Because Wisconsin doesn’t have a Oiselle dealer I honestly didn’t know much about Oiselle. Once I learned about the story behind the company, I knew I belonged to this flock. Many training runs I went on this summer had several confrontations with birds that I embraced as symbolic in my joining the flock. At many race warm ups since I’ve signed with Oiselle I imagined myself as a rising phoenix full of fire and passion standing for courage and challenging my inner demons.
This was my first summer competing at the professional level and taking flight from my comfortable spot in the NCAA Division III nest. My last two races of a long season were The Grandma’s Mile and The Magnificent Mile. The Grandma’s Mile was held in Duluth, MN, a beautiful lake town with excellent running trails. The mile course was above the trails on the road along the lake heading into downtown. On race day there was a strong headwind, but I wanted so badly to perform well that I went out in the top three and heading straight into the wind. I was feeling great at the 1/4, just okay by the 1/2 and by the 3/4 mile mark I was exhausted. I felt like the burners were falling off and in the last 1/4 of the race I went from 3rd to 5th. I finally found another gear and just before the finish I gave it one last push and finished fourth in a time of 4:36. I knew after the race that I had run with my heart and not with my head. This is not always the best strategy, but it was the choice I made that day stepping up to the starting line. I was disappointed with my time and my place after the race, but I knew I was courageous that day flying into the wind and taking a chance in a competitive pro field.
Fourth place at the Minnesota Mile.
Sunday's race was in Raleigh, NC. I was really excited to come here and stay with some Oiselle homies. This was the first time I have ever home-stayed alone and I had no idea what to expect! I came away truly impressed with the women here; to me they are a reflection of the company that we all represent. These are not just ordinary women, these are women who have a voice, they have depth, and they are educated, dynamic, and diverse. These are the women I want to surround myself with on a daily basis and getting to know them has made me so glad that Oiselle has been a forum for feminine fierce women to flock to.

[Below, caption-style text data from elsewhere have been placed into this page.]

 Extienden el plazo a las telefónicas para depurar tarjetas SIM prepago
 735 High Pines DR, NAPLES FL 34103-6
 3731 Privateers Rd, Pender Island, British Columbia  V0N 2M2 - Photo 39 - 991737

The amazing women who took care of me in Raleigh!
The Magnificent Mile was my last race of the season and I came in feeling a little beat up. However, I chose this race specifically because it supports motor neuron research and the race record was within reach standing at 4:51. I knew that a part of my psyche wanted to end the season on a high note. Leaving Division III athletics and coming into the pro scene has made me a little fish in an ocean of competitors and I had a hunch that this race was the perfect fit to end my season with a sense of accomplishment. Once again, I didn’t have a great race, however, I walked away truly feeling like I belong in the pro circuit.

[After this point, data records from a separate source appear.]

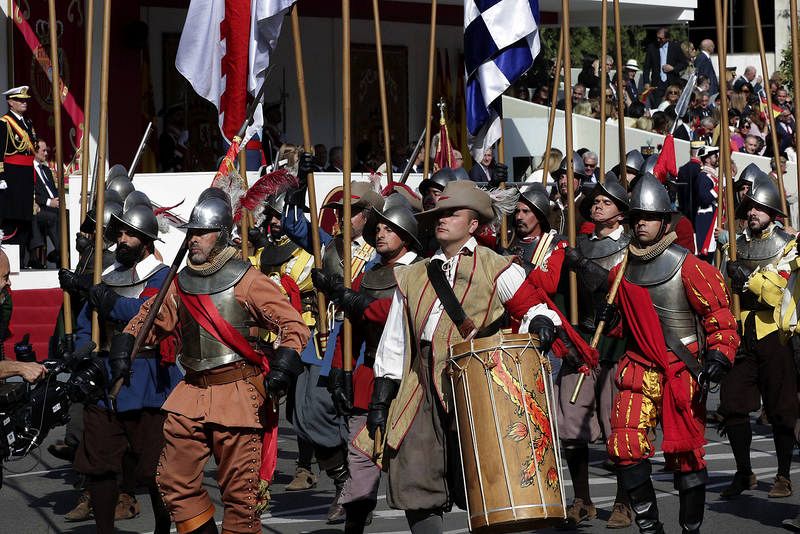 Soldados ataviados de los tercios de Flandes que representan el llamado Camino Español, durante el desfile del 12 de octubre 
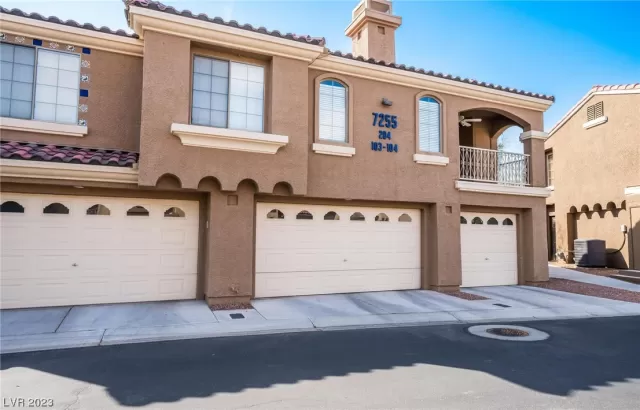 MLS: 2515665 Condo For Sale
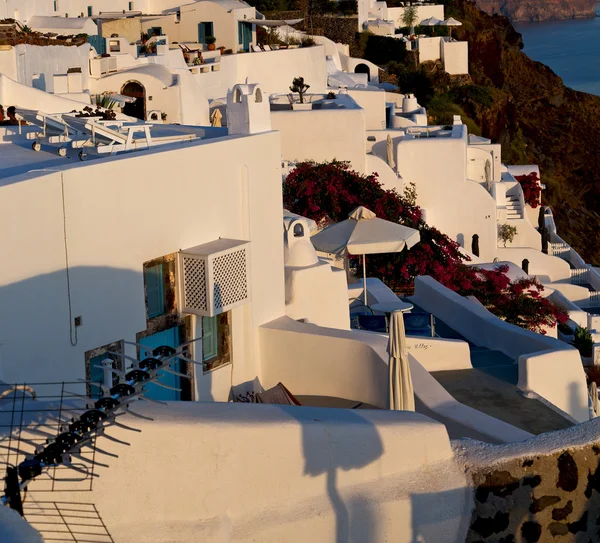 Mar na arquitetura europa ciclades santorini cidade velha branco — Fotografia de Stock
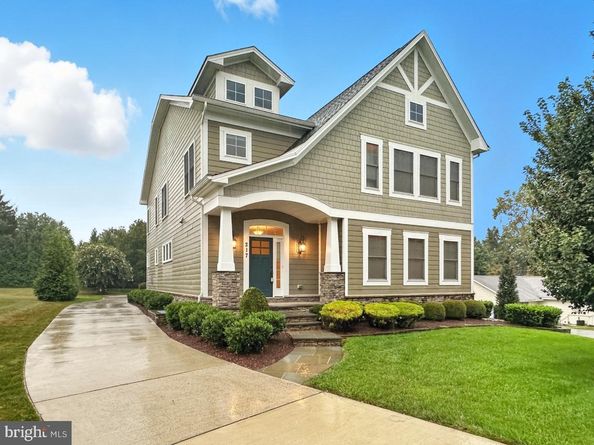217 Pleasant Street SW, Vienna VA 22180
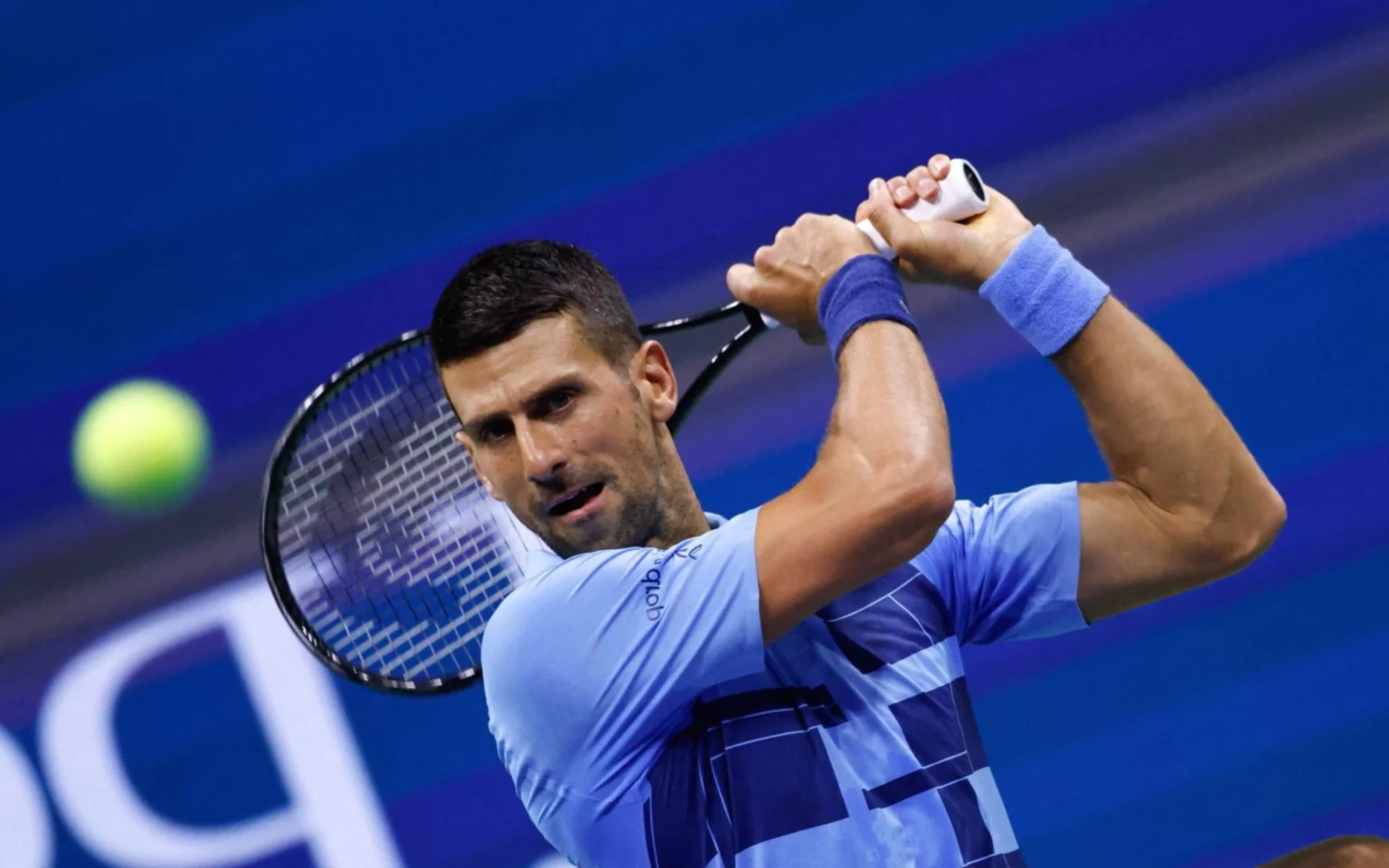 Djokovic estreia com vitória fácil no US Open Novak Djokovic busca o pentacampeonato do US Open (Foto: Kena Betancur / AFP)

Two winners and course record setters. Thank you Allie, you have such a big heart.
With the last race of my season behind me I now have to put as much emphasis on my break as I do on my training. To get the greatest benefits when you take a break, my advice is to Be Naughty, Forget about Running, and then come back to running feeling Hungry and Ready to Give your All! For me, being naughty means eating lot's of dessert, enjoying a glass (or glasses, or a bottle) of wine, and of course lots of coffee. Forgetting about running means placing running on the shelf for some time so I can rest and heal my body. So for now, I will do my best to focus on my other passions and priorities in life. This will give me time to do the things that are always on the bottom of the list when I’m in training mode. Even though I say I’m leaving the running world, I am not. I have local teams that I volunteer coach and enjoy supporting and cheering on at local high school and college races as well. I can truly enjoy being a coach and a spectator of running so that I can allow myself to see why I love the sport so much. This lets me begin to miss running and brings back the spark that will light the fire of the burning phoenix waiting to fly again.